|Unit level:||Level 7|
|Teaching period(s):||Semester 1|
|Offered by||Alliance Manchester Business School|
|Available as a free choice unit?:||N
This course, or similar course at UG level, must be undertaken if you wish to take BMAN70192 Real Options in Corporate Finance in Semester 2
The course equips students with essential techniques useful for valuing financial derivatives and hedging financial risk. The course emphasizes the general principles central to derivatives valuation, including no-arbitrage arguments and risk-neutral valuation methods, together with their implications for the pricing of financial derivatives. It also discusses some more advantage topics, such as valuing derivatives using Monte-Carlo simulations and finite difference methods or calculating a financing institution’s value at risk (VaR). All concepts are discussed from an intuitive (not a rigorous) perspective.
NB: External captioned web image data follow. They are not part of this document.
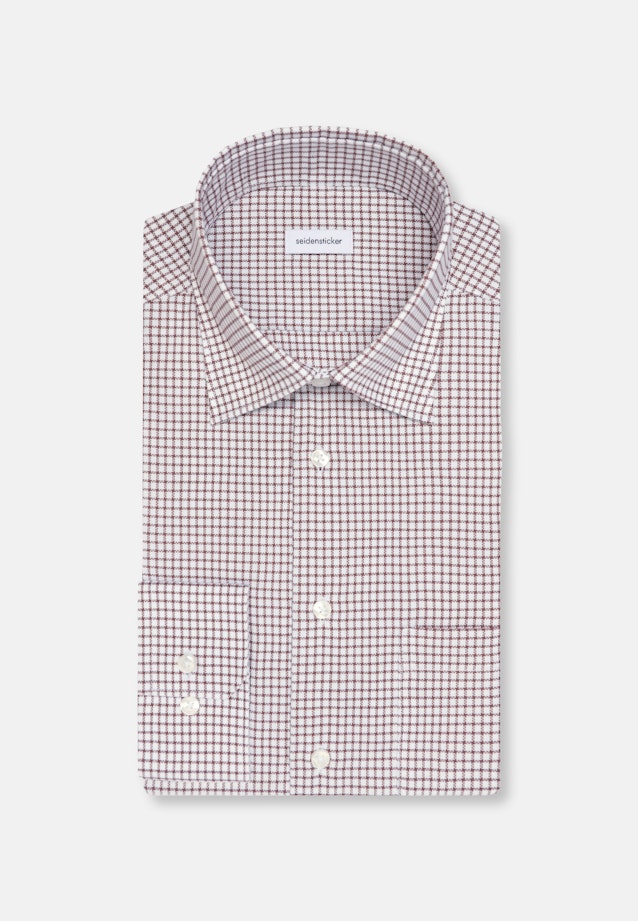 Regular Business shirt Check in Braun |  Seidensticker Onlineshop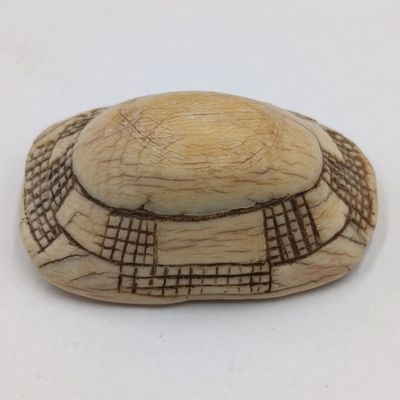 Antique Ekipa/Omakipa button made by Ovambo/Kwanyama tribe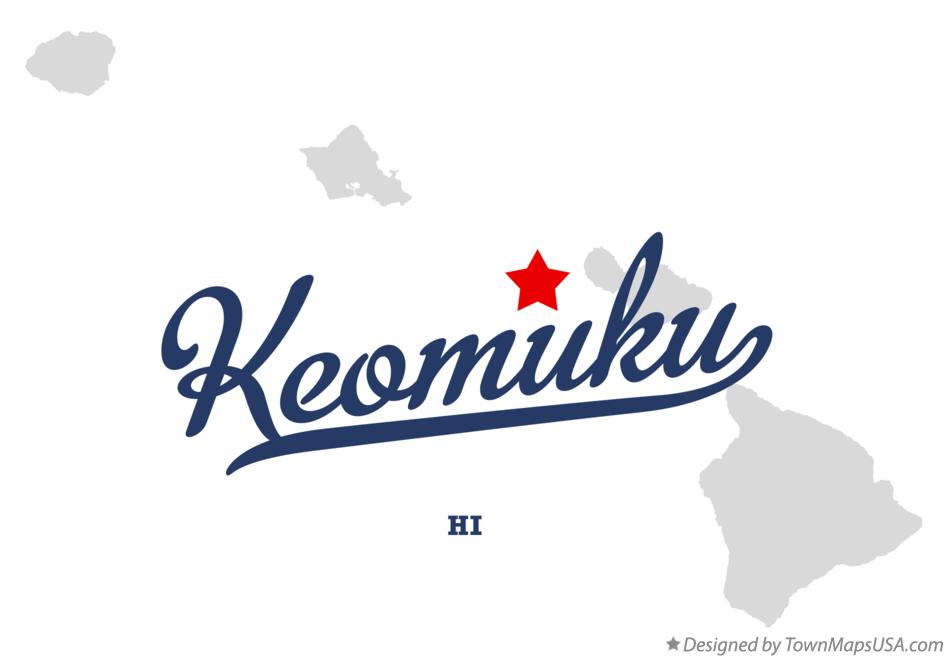 Map of Keomuku Hawaii HI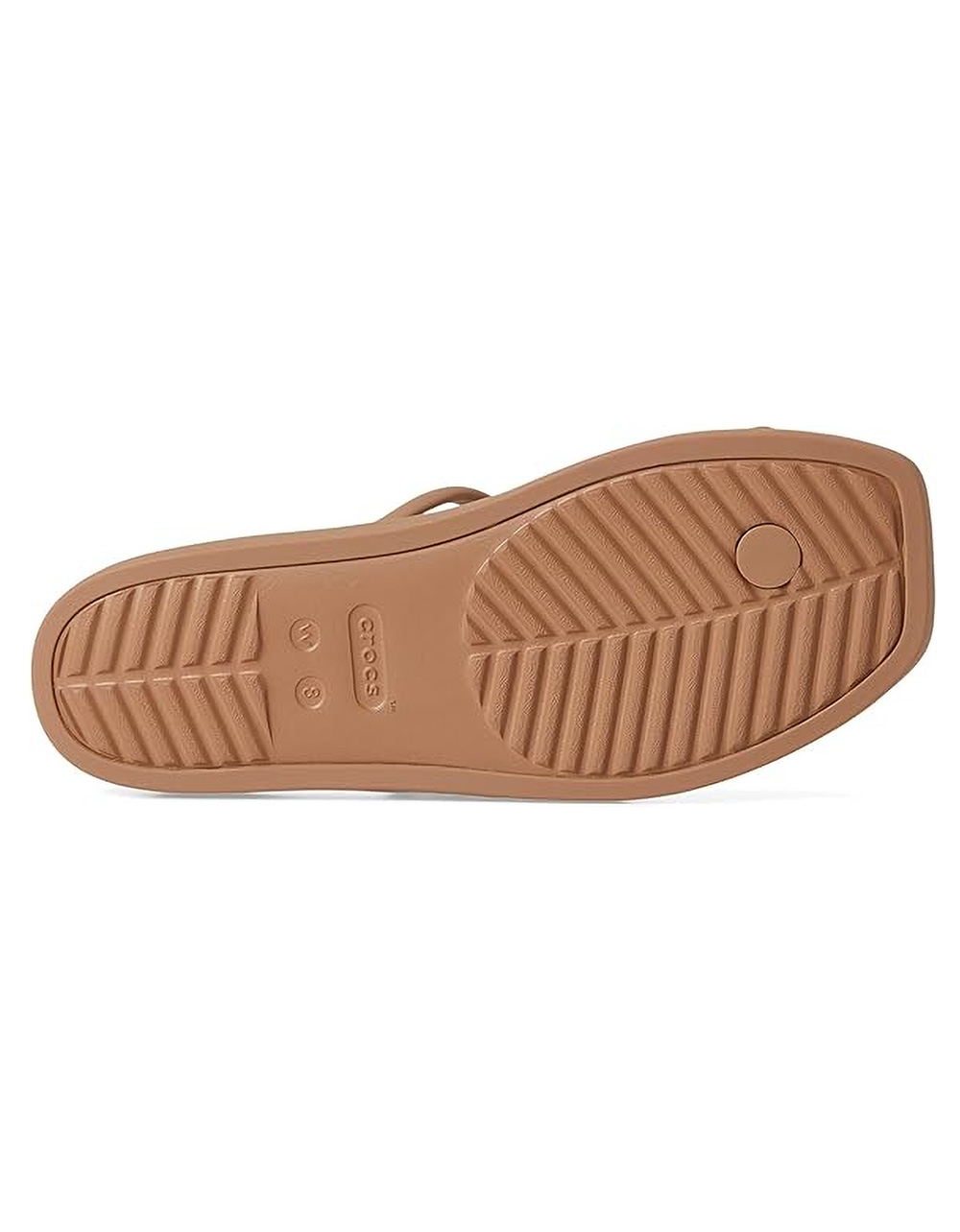 CROCS Miami Womens Toe Loop Sandals - CHOCOLATE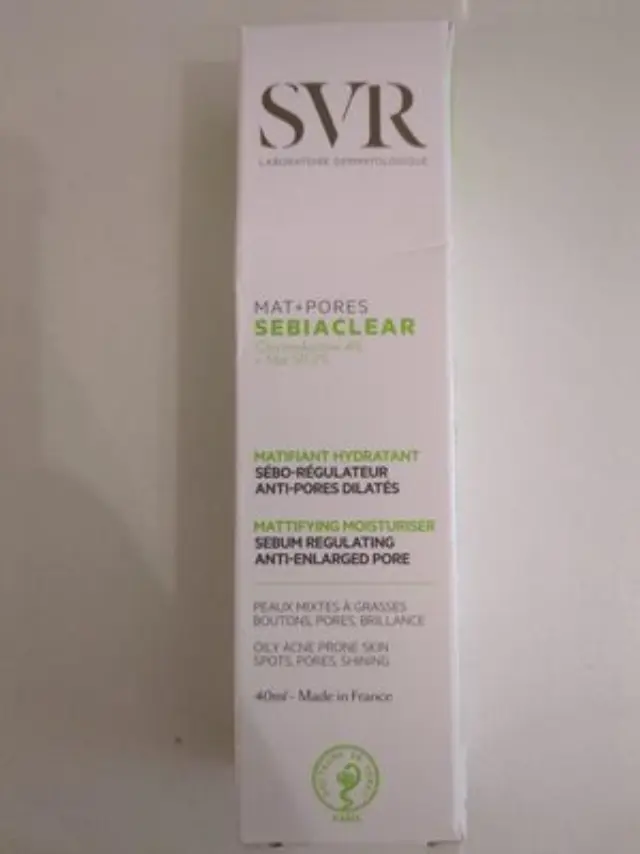 SVR Sebiaclear Mat+Pores Ενυδατική Κρέμα με Ματ Αποτέλεσμα κατά των Διεσταλμένων Πόρων 40ml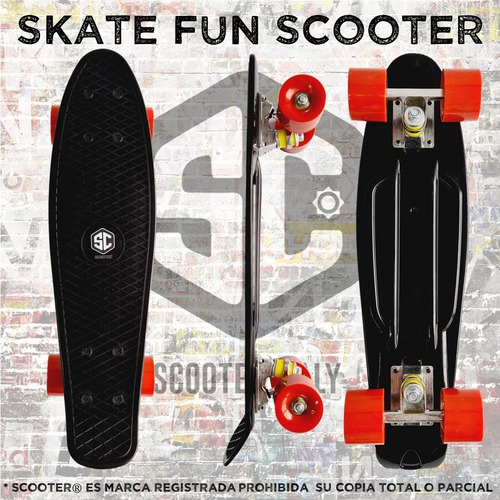 Imagen 2 de 10 de Skate Patineta Profesional Marca Scooter Fun Estilo Penny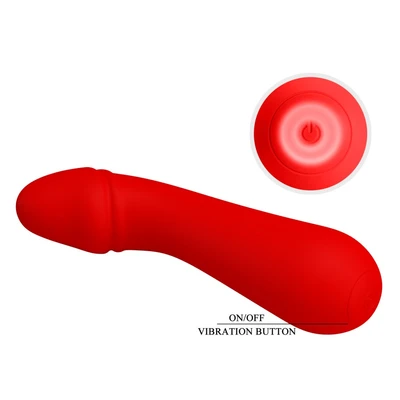 Vibrator crveni za stimulaciju G tačke 15cm DEBRA01655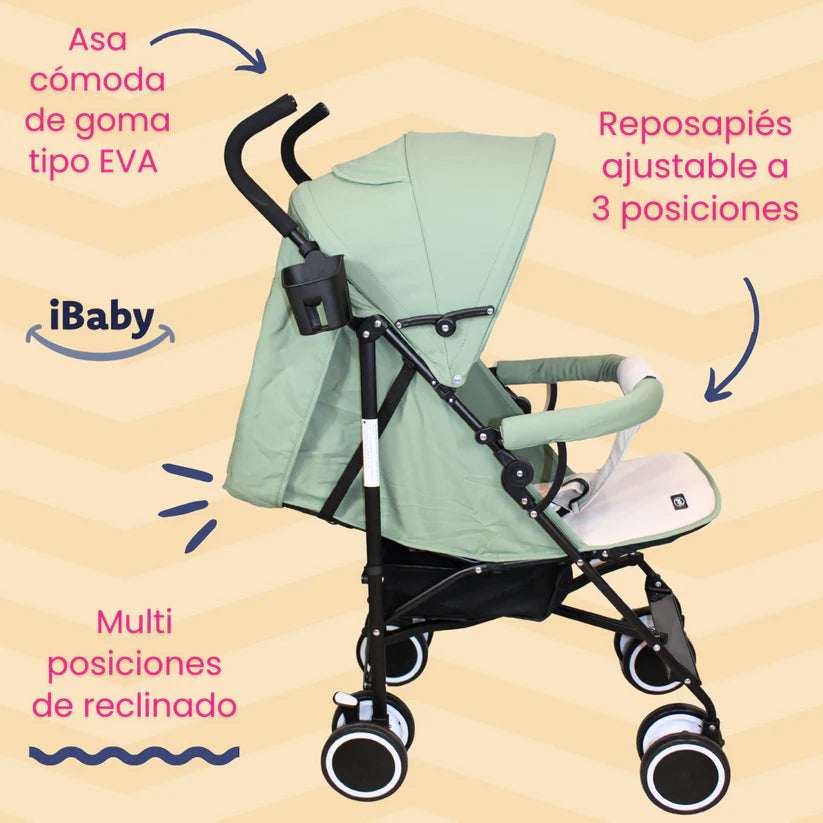 Carriola Ischia iBaby – Bastón ultraligera y plegable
This course introduces students to important financial derivatives. The course starts off with more basic material, such as forwards, futures, and plain-vanilla options. In that part of the course, students learn how these derivatives are defined, in which markets they are traded, and for what purposes they can be used. The course also derives several important arbitrage bounds and valuation formulas using either binomial trees or continuous stochastic processes. The course then moves on to more advanced material. Among the more advanced material is the valuation of complex derivatives using numerical methods (such as Monte-Carlo simulation, finite difference methods, and the Longstaff-Schwartz method), delta-hedging, and value-at-risk (VaR).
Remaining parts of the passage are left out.